Thursday 28 January 2016

Local democracy in action...

DCC councillors yesterday approved, with two votes against and one abstention, the new draft Minerals Plan, with Straitgate Farm as a Specific Site - despite huge questions hanging over deliverability. The draft Plan will now be submitted to the Secretary of State for examination. Watch the webcast to see local democracy in action; discussion on the Minerals Plan begins 33 minutes in.

From the off, the Chair made it clear that he didn't want to talk about Straitgate Farm at all: "that's a request"; "this is about the strategic document, it is not about site specific" - which seems somewhat at odds with a Minerals Plan that is allocating Straitgate as a Specific Site.

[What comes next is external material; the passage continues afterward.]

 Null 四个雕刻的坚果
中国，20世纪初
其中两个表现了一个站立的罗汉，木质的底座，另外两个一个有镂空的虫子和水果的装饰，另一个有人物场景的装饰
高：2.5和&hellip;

Despite that, discussions centred wholly around Straitgate. Cllr Claire Wright made an impassioned presentation, advising members of the Development Management Committee that there were "fundamental issues that cannot be ignored" - namely on water, quantities, access and processing.

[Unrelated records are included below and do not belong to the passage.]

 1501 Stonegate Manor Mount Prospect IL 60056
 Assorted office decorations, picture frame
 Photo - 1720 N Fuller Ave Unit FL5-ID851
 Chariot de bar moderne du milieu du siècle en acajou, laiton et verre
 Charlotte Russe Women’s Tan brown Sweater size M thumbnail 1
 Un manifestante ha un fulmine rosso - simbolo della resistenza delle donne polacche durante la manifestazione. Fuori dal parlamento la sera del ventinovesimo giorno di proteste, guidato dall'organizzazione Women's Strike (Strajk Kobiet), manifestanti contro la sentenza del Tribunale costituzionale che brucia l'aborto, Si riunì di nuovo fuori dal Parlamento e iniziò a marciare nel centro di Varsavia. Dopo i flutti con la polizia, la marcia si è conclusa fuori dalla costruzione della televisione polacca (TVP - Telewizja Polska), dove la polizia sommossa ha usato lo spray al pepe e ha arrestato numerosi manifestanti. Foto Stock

DCC’s Head of Planning was having none of it. Straitgate’s "been through numerous levels of evaluation - it clearly fulfils the criteria for the Plan".

But after all these years of evaluation, when allocation as a Specific Site - where viable resources are known to exist, landowners are supportive of minerals development and the proposal is likely to be acceptable in planning terms - has been made apparently "in recognition of the degree of evidence available on its potential impacts" 5.4.9, DCC can't even tell you how this site is to be accessed, how it will be worked, how much material there is, or how it will be processed; four fundamental points that define a quarrying operation.

Specifically, on the matter of access over third party land, the Minerals Officer was asked (58 minutes in): "Were the landowner’s concerns taken into account during the consultation". After some off-mic discussion, the officer carefully answered:
The development of the Minerals Plan has taken account of views of a whole range of people including the farmer, who’s a tenant of the actual extraction site [not correct] and who owns the fields beyond. The evidence at the time from the operator or the indication from the operator was that they believed that they had access rights over this land. In the course of the planning application that’s been received since, it’s been suggested that this is not the case and we are seeking further information from the operator on that. So it’s a very fluid position.
Without site access, there is no quarry. DCC allocated this Specific Site to include the third party land without seeing any evidence that the operator had rights over such land. Click here for the whole story.

It’s been the same all along. As we wrote in our response to the Minerals Plan, "time and time again the Council has taken the operator at its unsubstantiated, unevidenced word, whilst ignoring other voices that have proved to be the more accurate". Still, the unelected officer knows best. Let’s hope we get more sense out of the Planning Inspector. The Public Inquiry has already been booked for the summer. Of course, by then Aggregate Industries’ planning applications may have already been determined.